Un accusé qui peine à réaliser
Dans le box, Francis Huguel, cheveux grisonnants et visage émacié, a déclaré avoir pris conscience de sa responsabilité mais avoir du mal à vivre la situation. « Le milieu carcéral, ce n'est pas ma vie », a-t-il lâché, provoquant une réaction immédiate de la présidente de la cour, Marie-Noëlle Billaud : « Il n'y a pas pire qu'attenter à la vie d'autrui. Vous avez commis l'acte le plus grave dans notre société. » L'accusé s'est alors repris, affirmant prier chaque jour pour la famille de la victime.
Une blessure narcissique profonde
Marié en secondes noces en 2013 avec Cécile, Francis Huguel était « fou amoureux » d'elle, mais leur relation était chaotique. En 2023, ils étaient séparés. L'épouse fréquentait alors Nicolas Ribes, un collègue de travail, qu'elle recevait chez elle à Lacanau. L'accusé, incapable d'accepter cette trahison, a ruminé pendant des mois, espionnant les allées et venues. L'expert psychologue Éric Bauza a évoqué « une profonde blessure narcissique accompagnée d'une névrose d'échec », ajoutant que Huguel est « immature, psychorigide, égocentré. Il ne peut pas tourner la page et se voit abandonné par l'autre. »
Un risque de féminicide envisagé
L'avocat général Jean-Luc Gadaud a interrogé l'expert psychiatre Paul Bonnan sur un possible risque de féminicide. « C'est une possibilité, a répondu le docteur. Je me suis demandé : est-ce que ce n'est pas Cécile qui aurait dû être la victime ? » Dans le box, Francis Huguel a hoché la tête, affirmant : « Je ne suis pas la personne que l'on décrit, je suis choqué. » Me Arnaud Dupin, partie civile, a rétorqué : « On a l'impression que c'est quelqu'un qui a une certaine intolérance à une remise en question et à enfreindre les règles qu'on lui impose. »
Des antécédents troublants
Fin 2022, exténué physiquement et psychologiquement, Huguel avait cherché du réconfort dans la voyance, pensant être victime d'un envoûtement. Il avait même sollicité un vicaire général pour un exorcisme. « J'étais habité par des mauvais esprits, complètement perdu. J'ai tenté de me poignarder. En définitive, il fallait que tout ça s'arrête », a-t-il déclaré. Me Max Bardet, partie civile, a qualifié l'acte de « au plus haut de la pyramide de la barbarie ».

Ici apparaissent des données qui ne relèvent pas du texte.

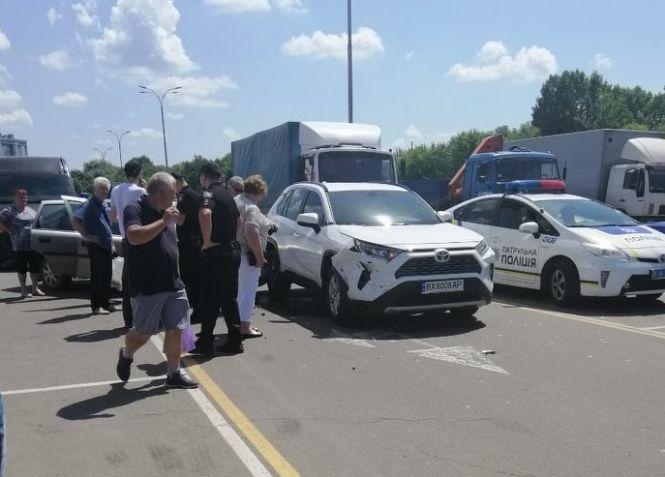 Новини Хмельницького - фото з Біля "Епіцентру" зіткнулися “Opel” та “Toyota” Біля "Епіцентру" зіткнулися “Opel” та “Toyota”, фото №3 на сайті vsim.ua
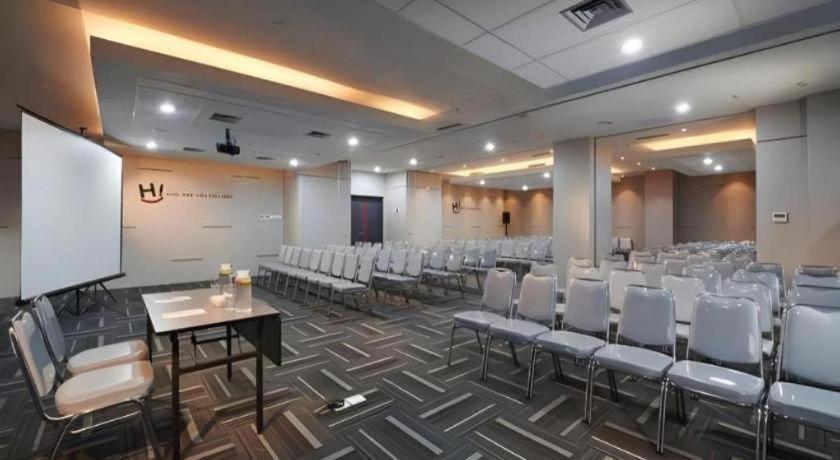 Hi Hotel Senen Jakarta Eksteriør billede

Le témoignage ambigu de l'épouse
En fin de journée, Cécile Huguel a témoigné. Elle a décrit un mari jaloux et possessif, qui la rabaissait constamment. « Il m'a dit que si j'avais quelqu'un dans ma vie, il me buterait avant de se buter », a-t-elle rapporté. Malgré leur séparation en 2023, elle continuait à le voir et échangeait des SMS avec lui tout en étant la maîtresse de Nicolas Ribes. La présidente a relevé : « Vous jouez sur les deux tableaux, vous tentiez de renouer. » Cécile a nié : « Moi, je ne voulais pas reprendre quelque chose avec lui. » Le couple n'a toujours pas divorcé en 2026, et Francis Huguel continue d'envoyer des lettres d'amour depuis la prison de Gradignan. L'audience reprend ce mercredi, avec un verdict attendu jeudi.